The sixth show to be escorted off the island in this season's Anime Survivor is...


 


Selling Point: From what I can gather, if H.P. Lovecraft were alive today and writing scripts for anime shows in Japan, he would either be the worst possible creative mind or on a level of horror too far above our horizon to comprehend.

His efforts would either be too squeamish and narcotic for the average viewer to stomach or an ash-colored ambrosia that would feel the starved anime fan. While I haven't read much of his stories, I did mull over his collaborative effort "The Crawling Chaos" and found it to be a stunning read; the narrator's visions of drug-induced anarchy and the eventual collapse of the world speak volumes about Lovecraft's own tortured state of mind within a society teetering between faith and science.

So...yeah! Let's make an anime about him!


Well, not about Lovecraft, per se, but about the entities that he created from that quagmire. See, those stories Lovecraft wrote a century ago were actually non-fiction—high-schooler Mahiro Yasaka discovers this the hard way when he is saved from a vicious alien menace by an ahoge-haired girl. She immediately destroys the fourth wall by declaring herself to be an alien and the same Nyarlathotep that Lovecraft wrote about. Vowing to protect Mahiro out of duty, the happy-go-crazy "Nyarko-san" ends up falling for him and crashing his residence.

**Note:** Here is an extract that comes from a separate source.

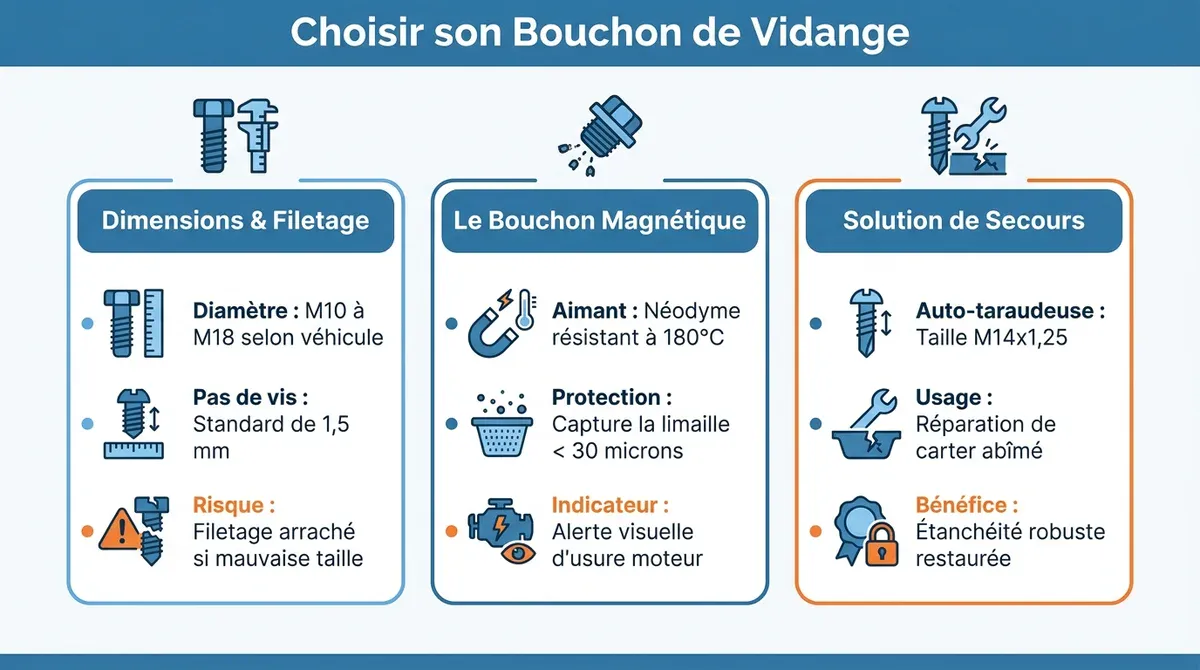 Infographie explicative pour choisir son bouchon de vidange : dimensions, filetage et avantages du bouchon magnétique.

And what show about a clingy alien girlfriend wouldn't be complete without the makings of a harem? Soon, the moochers triple in number, as Nyarko is joined by "Kuuko", a female Cthugha with a disturbing sexual attachment to Nyarko, and "Hasuta", an androgynous male version of Hastur who has adopted Mahiro as his "onii-chan". Throw in a bunch of incompetent space aliens and some complicated interstellar video-game conspiracy involving Mahiro's mother, and you have...something that looks awfully familiar.

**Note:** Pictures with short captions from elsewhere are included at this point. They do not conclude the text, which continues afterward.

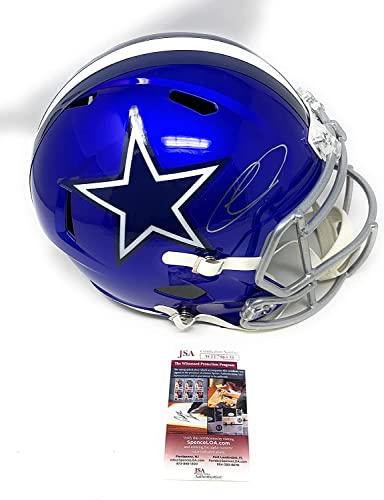 Ceedee Lamb Dallas Cowboys Signed Autograph FLASH Full Size Speed Helmet JSA Witnessed Certified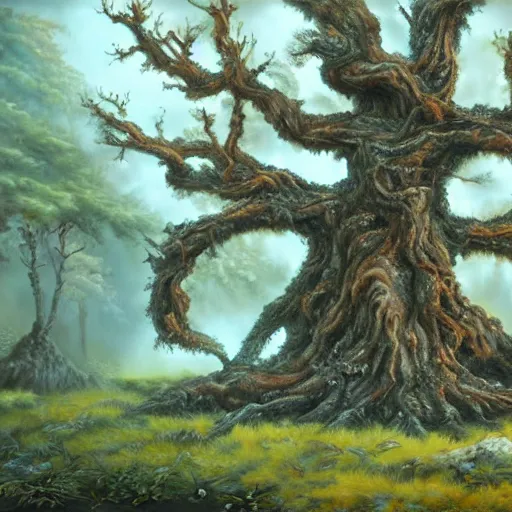 Prompt: A 4000 year old tree, fantasy painting, lots of detail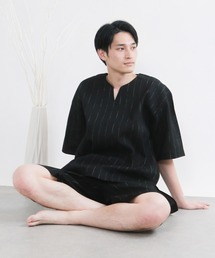 KYOETSU（キョウエツ）の「【選べる丈】メンズ しじら 甚平 キーネックタイプ(長ズボン/半ズボン)（ルームウェア/パジャマ）」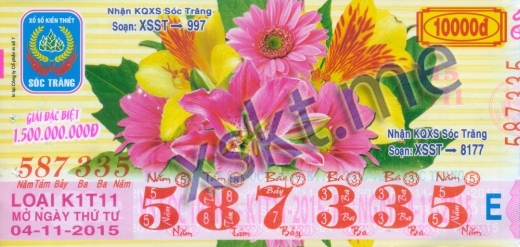 Mẫu vé sô xổ số Sóc Trăng ngày 4/11/2015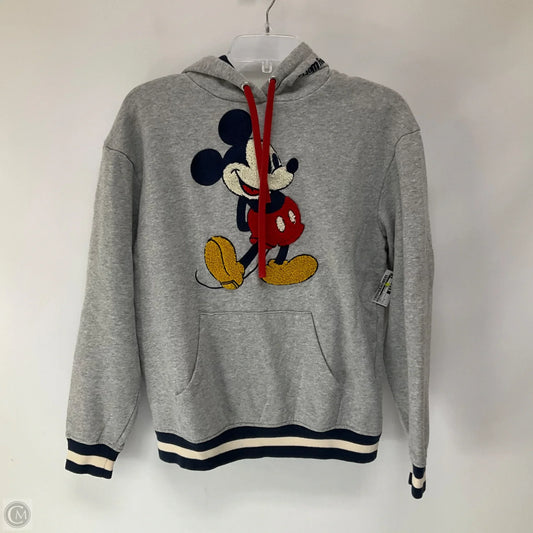 Sweatshirt Hoodie By Disney In Grey, Size: S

Defense: Okay, so there's at least a little bit of decent comedy lurking in Nyarko-san's depths, and much of that comes from the slapstick efforts of Kana Asami. A little more caffeine, and her depiction of Nyarko could border on the frenzy that we saw from Kotono Mitsuishi's Excel. Her blithering idiocy brings out the best in Mahiro's straight-man role (Eri Kitamura in a rare male-lead role), and by themselves they could make a very solid tandem.

Perhaps the other measurable variable is that the series gets a boost in quality due to its past forms. The first two Nyarko-san shows were both flash-animation mini-productions, so by comparison the animation is miles better than expected. Probably a dastardly trick to make this series seem like gold, but it works.


Final Decision: I'll be blunt. Nyarko-san is a derivative of To-Love-Ru and therefore a double-derivative of Urusei Yatsura. Aliens come to Earth in some form (this time as Lovecraftian aliens instead of devils or oni), and the main heroine falls for the male lead while squatting at his home with her "friends". Boneheaded villains totter after them, and everything really doesn't matter, as long as Nyarko and Kuuko pull weaponry out of the hammerspace under their skirts.

It's this excuse of forming an alien harem that ends up making the show episodic and nonsensical. At one point, Nyarko escapes her situation without an explanation of how, bids adieu to Mahiro, then returns without much of an excuse why. The plot, perhaps intentionally, becomes a chaotic mess that Lovecraft himself may have seen when he envisioned the world blowing up under him.

Finally, it's Xebec! Were you expecting Shakespeare? (Maybe, if MacBeth came back to life as a nekomimi maid.)


Perhaps this is a reason why Crunchyroll passed on renewing the second season of Kore wa Zombie Desu Ka—the above picture really says it all. There's just not enough room in this world for two cute girls waving a chainsaw comically in the air. However, on this island there's no room for Nyarko-san, either.

Goodbye, My Lovecraft.

Next Week: the next two shows to hit the road in Anime Survivor!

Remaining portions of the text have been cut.